Присутствовавший при этом слуга Сен-Марка возмутился этим варварством, схватил нож и крикнул, что он сам, своими руками перережет мои путы, если меня от них не освободят. Об этом тотчас же донесли полицейскому чиновнику, который развлекался с проституткой, привезенной им из Парижа и служившей ему также шпионкой. По его приказанию с меня сняли пояс и вместо него надели на мою правую руку и на левую одного из конвоиров наручники, соединенные цепью приблизительно в фут длиной. Таким образом мы были связаны: ни один из нас не мог сделать движение, не потревожив другого.
По прибытии в северную часть Роттердама на меня снова надели ненавистный пояс и повели по городу. Толпа провожала нас до самого порта, где я должен был пересесть на другую барку. На этот раз меня бросили в трюм, откуда извлекли только в Антверпене. Там нас встретили великий прево Брабанта и трое полицейских. Эти последние связали мне руки на спине, сели вместе с нами в почтовые повозки и проводили нас до Лилля.

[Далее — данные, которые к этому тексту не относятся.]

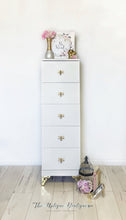 Load image into Gallery viewer, Modern metallic chic solid wood tall dresser lingerie chest armoire office cabinet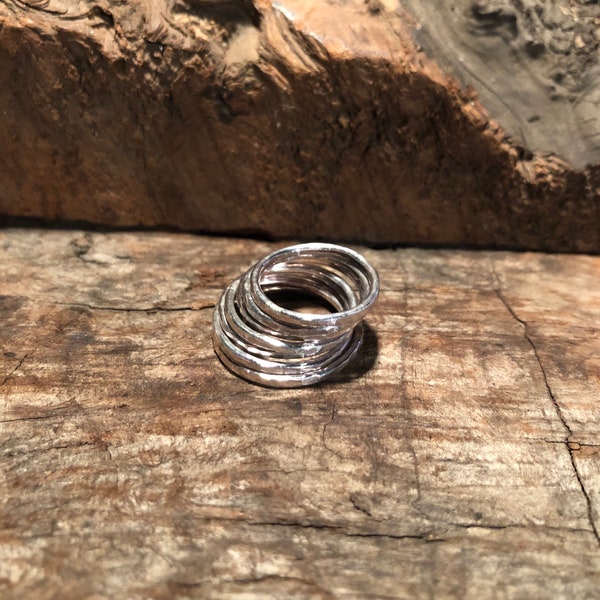 4 Silver Stacking Rings; Hammered Stacking Rings; Textured Silver Rings; Sterling Silver Stacking Ring Set of 4; .925 Ring Set of 4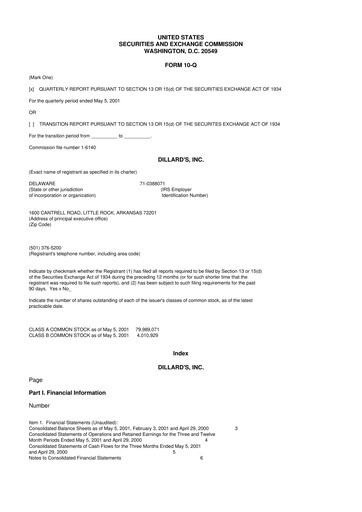 Miniature Dillard's
 10-Q Rapport trimestriel  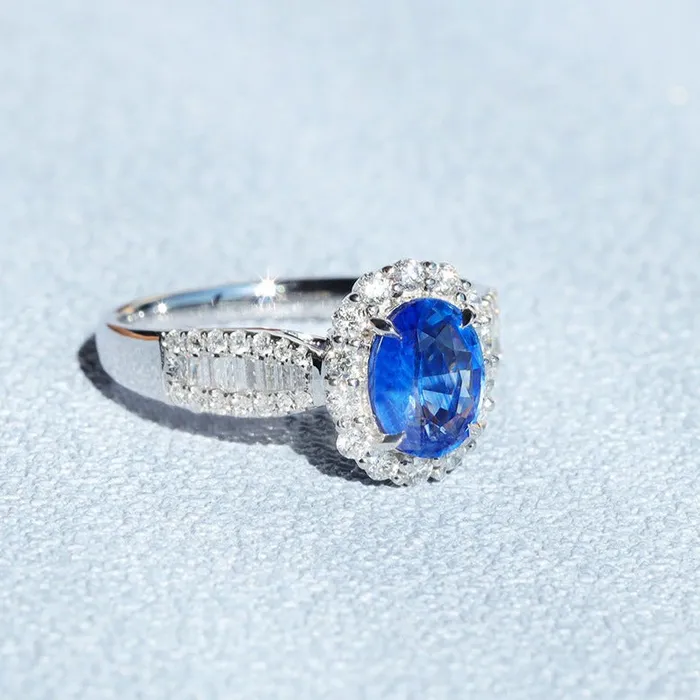 Halo Oval Cut Blue Sapphire Engagement Ring in Sterling Silver Shineofdiamond Rings Halo Oval Cut Blue Sapphire Engagement Ring in Sterling Silver Shineofdiamond Rings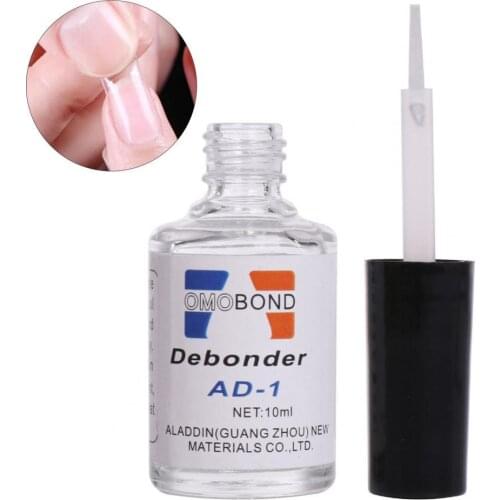 10ML Nail Remover Glue Wide Application Harmless with Brush Powerful Debonding Anti Gelling Agent for Fake Fingernails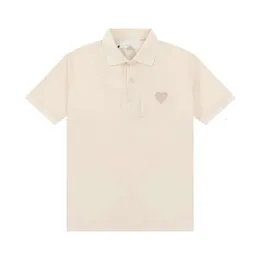 Maglietta POLO di alta qualità di Amis Maglietta estiva nuova pesante addensata fissa con perline lavorate a maglia amore ricamo spalla allentata manica corta unisex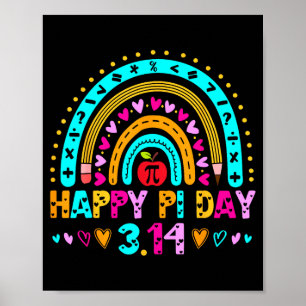Poster Joyeuse Fête de Pi Arc-en-ciel 3.14 Nombre Pi Prof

В Лилле Сен-Марк отвез меня в королевскую тюрьму. На следующий день мы двинулись дальше. Полицейский чиновник сел в карету рядом со мной, предварительно приказав заковать мне из предосторожности и ноги. Он был вооружен пистолетами так же, как и его слуга, которому было приказано стрелять в меня при малейшем подозрительном движении.
На другой день в десять часов утра мы прибыли в Бастилию.

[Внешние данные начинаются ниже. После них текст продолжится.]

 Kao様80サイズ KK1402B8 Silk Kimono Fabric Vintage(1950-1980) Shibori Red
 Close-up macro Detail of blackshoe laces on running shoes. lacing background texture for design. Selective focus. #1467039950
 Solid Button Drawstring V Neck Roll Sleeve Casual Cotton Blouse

Сен-Марк был принят там словно божество. Офицеры крепости устроили ему торжественную встречу, и он с важным видом выступал среди этой многочисленной свиты.
С меня же сняли мою одежду, облачили, как и в первый раз, в полусгнившие лохмотья, заковали мне руки и ноги и снова бросили в темницу, где валялось несколько охапок соломы. Я снова попал к тем же самым тюремщикам, бдительность которых мне однажды удалось обмануть и которые были наказаны за мой побег тремя месяцами заключения.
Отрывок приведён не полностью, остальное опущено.